Hunger Games: No Comic Arena

You probably know the Hunger Games novels. Maybe only by name?

In the ruins of a place once known as North America lies the nation of Panem, a shining Capitol surrounded by twelve outlying districts. The Capitol is harsh and cruel and keeps the districts in line by forcing them all to send one boy and one girl between the ages of twelve and eighteen to participate in the annual Hunger Games, a fight to the death on live TV.

Suzanne Collins began her series two years ago with epic-level action and suspense. As I wrote then, "Games is full of promise for sequels that will equal--perhaps even surpass--it in conflict, development and satisfaction." The YA trilogy's final installment hit shelves last month, and even before its release, Mockingjay was one of the most talked about books of 2010.

It's tempting to embrace a story, any story, that pours so much water on the Twilight fire, but don't leap before you look. Remember that Collins is writing for adolescents, pliable minds, who, more than any other target audience, are actively building the beliefs that will shape their future lives.

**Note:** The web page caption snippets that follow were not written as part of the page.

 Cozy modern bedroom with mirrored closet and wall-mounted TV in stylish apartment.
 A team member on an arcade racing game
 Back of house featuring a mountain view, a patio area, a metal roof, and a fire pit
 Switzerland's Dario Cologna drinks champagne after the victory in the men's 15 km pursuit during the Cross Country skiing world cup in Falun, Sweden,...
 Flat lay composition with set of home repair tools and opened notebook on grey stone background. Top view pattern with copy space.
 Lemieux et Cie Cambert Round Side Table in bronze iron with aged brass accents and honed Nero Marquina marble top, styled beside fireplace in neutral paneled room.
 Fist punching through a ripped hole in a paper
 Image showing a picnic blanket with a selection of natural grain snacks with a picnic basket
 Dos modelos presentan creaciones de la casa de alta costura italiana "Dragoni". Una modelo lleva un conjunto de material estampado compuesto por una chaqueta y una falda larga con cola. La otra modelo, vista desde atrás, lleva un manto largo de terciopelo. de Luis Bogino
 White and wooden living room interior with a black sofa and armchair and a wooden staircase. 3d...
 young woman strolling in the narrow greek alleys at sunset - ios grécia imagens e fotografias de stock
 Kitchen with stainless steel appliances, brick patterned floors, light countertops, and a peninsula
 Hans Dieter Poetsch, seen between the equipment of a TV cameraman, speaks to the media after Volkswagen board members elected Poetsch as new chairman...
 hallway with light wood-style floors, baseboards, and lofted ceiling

"Because it presents the child with a portrait of a world he is, in real life, only just coming to know, every book teaches a new way of thinking about that world. The question is not whether a book teaches but what and how and whether its intent is to humanize a child or merely to socialize him." John Goldthwaite, The Natural History of Make-Believe.

So what does Mockingjay teach?

It's realistic, in that it doesn't try to paint rainbows. But the ending lacks any hint of a redemptive future, which is what makes tragic novels truly meaningful and inspiring. Instead, we see a listless fate that just stretches on and on. A husband, sure, a couple of kids, sure, and yet you can almost hear the heroine heave an impassive sigh as she narrates these developments.

Ever-after life is not always happy, not always exciting, very true, but the worldview that shines through hardly humanizes Collins' readers. Post-war life in Panem is empty, and her main characters seem almost dead inside. Which is absolutely the reverse of, say, the early Christians, who lost everything they loved, were persecuted almost to death, and yet still counted life worth living. "To live is Christ, to die is gain."

Compared with that mindset, the atmosphere of Mockingjay is nihilistic, a world where there isn't much point to anything, no reality except love (perhaps). Not quite the kind of satisfaction I anticipated two years ago.

For sure, Collins didn't take an easy Twilight out, where "everyone gets everything they want, even if their desires necessitate an about-face in characterization or the messy introduction of some back story. Nobody has to renounce anything or suffer more than temporarily—in other words, grandeur is out." (Publishers Weekly)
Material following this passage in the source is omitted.